Baltimore County News
By Steven A. Walsh PE, Chief
Engineering & Construction, Department of Public Works
The older my kids get, the more questions I get about my job. I realize more and more that it’s hard for them to understand what I do because you just can’t see much of the end result.
Our Bureau’s job in DPW is to plan, inspect, design, and construct water, sewer, storm drainage, roads and bridges in the County. We call this infrastructure. Some may call it critical. Life would be very different without these things that most people take for granted. We work hand in hand with Public Work’s other Bureaus (Utilities, Highways, Traffic, and Solid Waste), all of which maintain this infrastructure once it’s constructed.
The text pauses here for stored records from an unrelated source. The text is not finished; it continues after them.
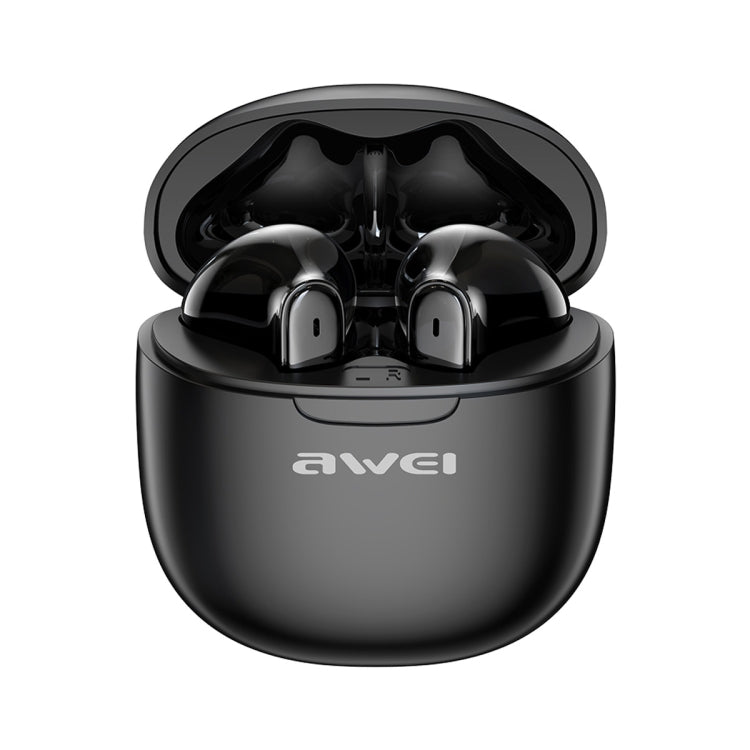 awei T68 ENC Noise Reduction Wireless Bluetooth Gaming Earphone Black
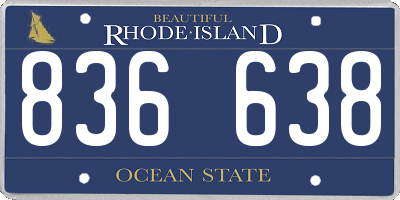 RI license plate 836638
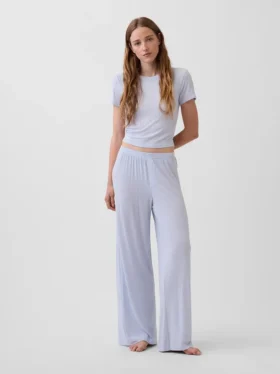 Pyjama-Hose aus superweichem Modal-Rippstrick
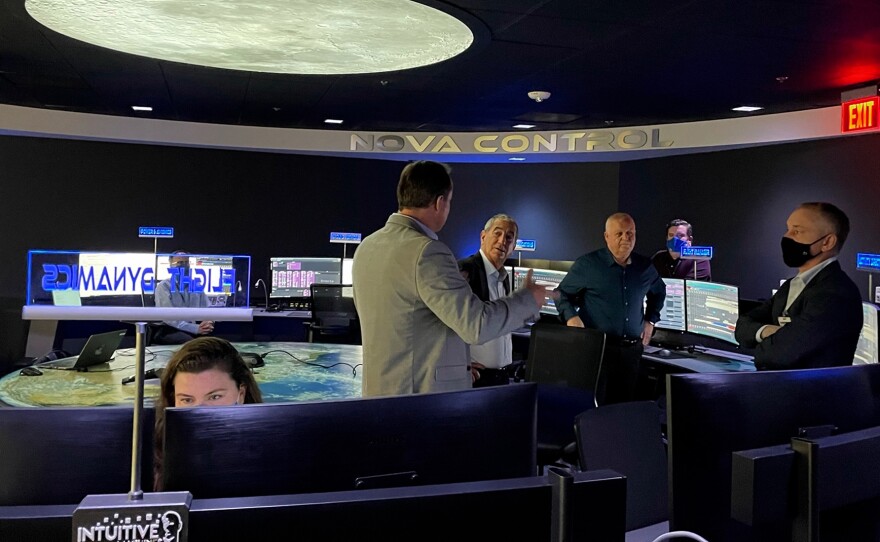 Kam Ghaffarian, Mission Control Center in Houston. Ghaffarian is 3rd from right.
The County understands the importance of, and invests heavily in, its infrastructure. Unfortunately the importance of the investment and our work goes largely unnoticed and unseen by the public…as well as my kids, unless I point it out to them.
It’s understandable. Who really cares about what you don’t see? You expect clean water to flow from the spigot. You expect the stuff going down the commode, and the trash you put out in front of your house, to just go away. You expect the bridge you are driving over – if you even notice it – to not do anything…like move. Unless someone is unhappy with the disruption of a construction project or work being done on the sewer system, infrastructure probably doesn’t come up much in casual conversation.
With the upcoming National Engineers Week (February 19-25), I thought it appropriate to acknowledge the work of the men and women of DPW who take care of the County’s critical infrastructure.
It’s not magic that causes the water to come out of the spigot – it’s decades of system planning and a whole lot of engineering, construction, and hard work by Public Works’ staff. Even though you can’t see it, it is still very important to our lives.